Give back the exact lines of the material below from the one containing "Vintage Mirrored Gold" through the one containing "Hollow Star 304", and no pictures.
Start of Information given
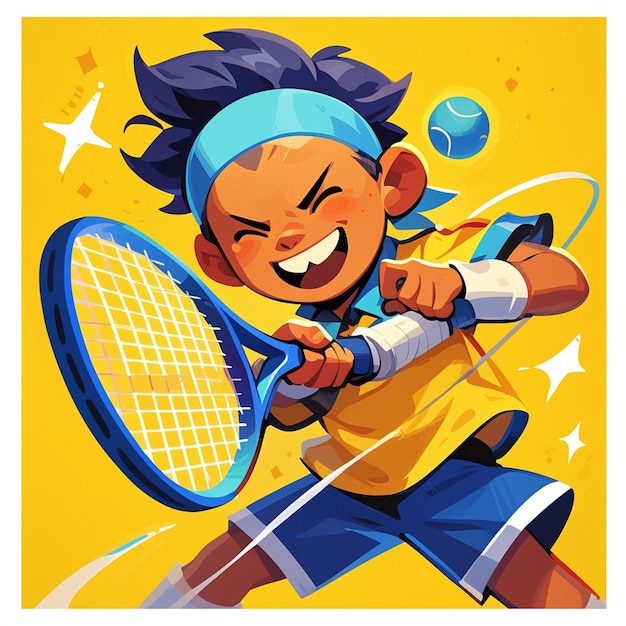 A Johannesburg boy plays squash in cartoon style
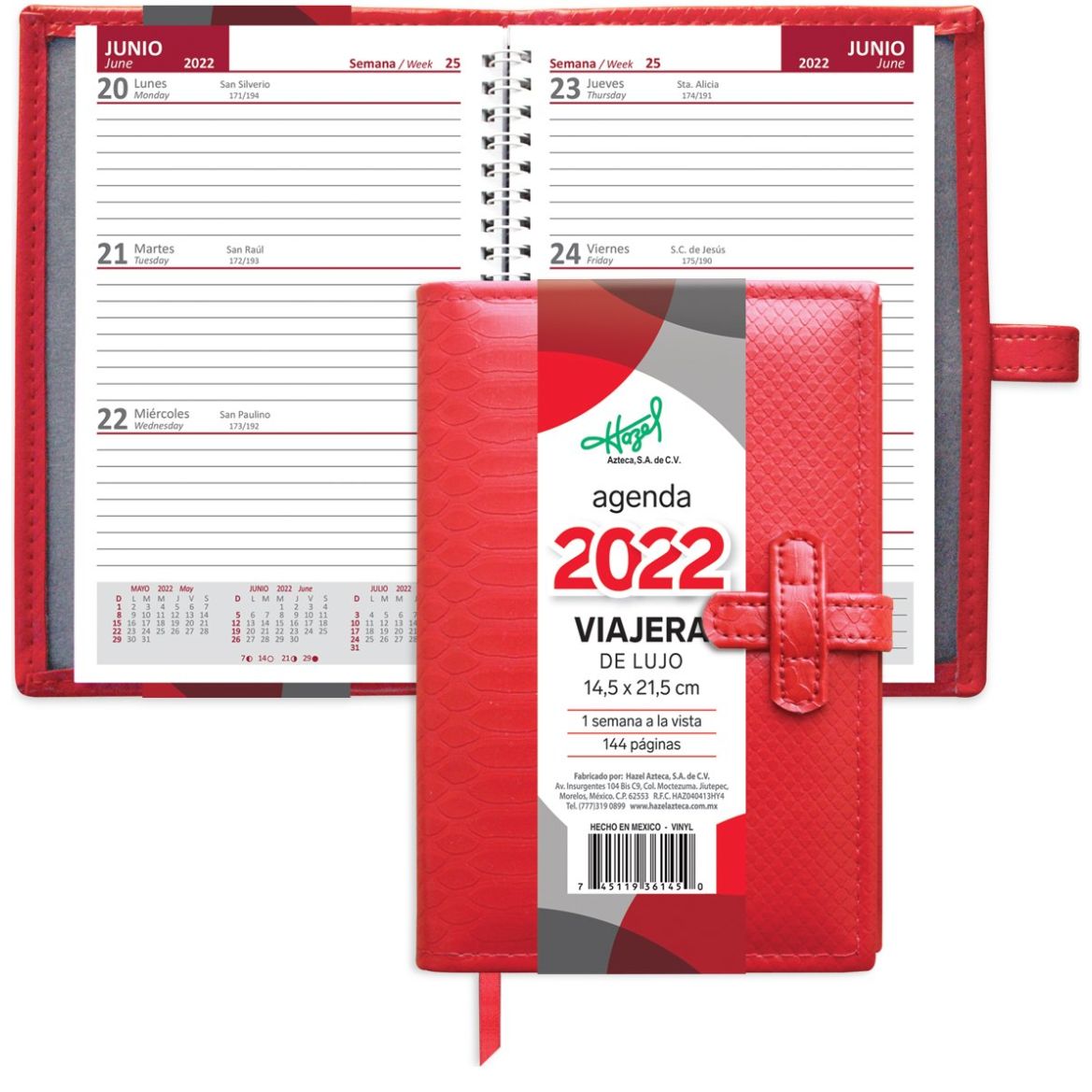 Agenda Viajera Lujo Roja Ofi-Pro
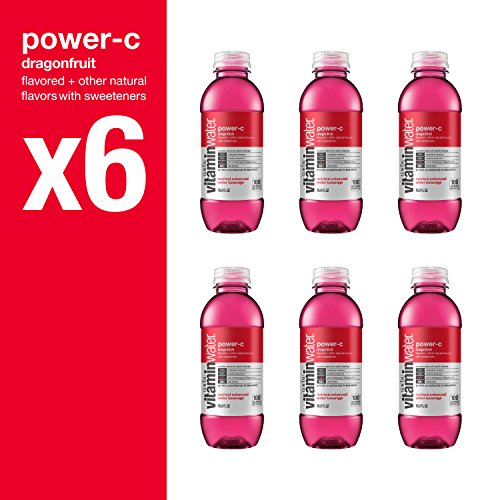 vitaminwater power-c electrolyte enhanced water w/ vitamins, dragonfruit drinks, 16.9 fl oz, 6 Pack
End of Information given
Start of Information given
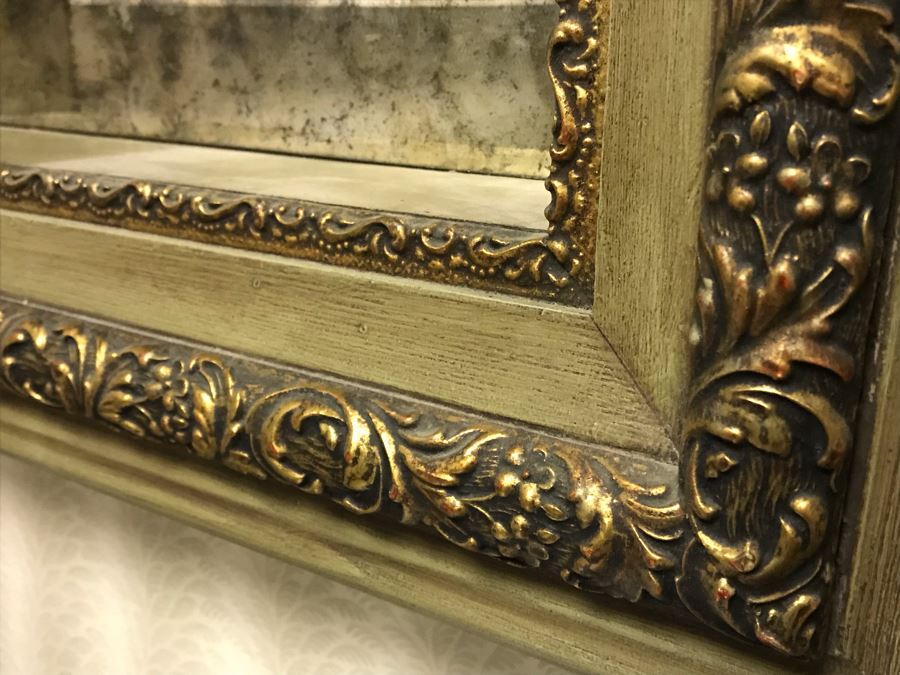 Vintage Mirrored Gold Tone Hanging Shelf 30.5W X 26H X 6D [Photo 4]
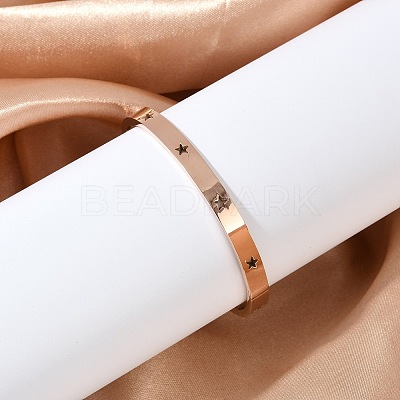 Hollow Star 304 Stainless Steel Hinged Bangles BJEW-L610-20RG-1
End of Information given
Solution to this exercise —
 Vintage Mirrored Gold Tone Hanging Shelf 30.5W X 26H X 6D [Photo 4]
 Hollow Star 304 Stainless Steel Hinged Bangles BJEW-L610-20RG-1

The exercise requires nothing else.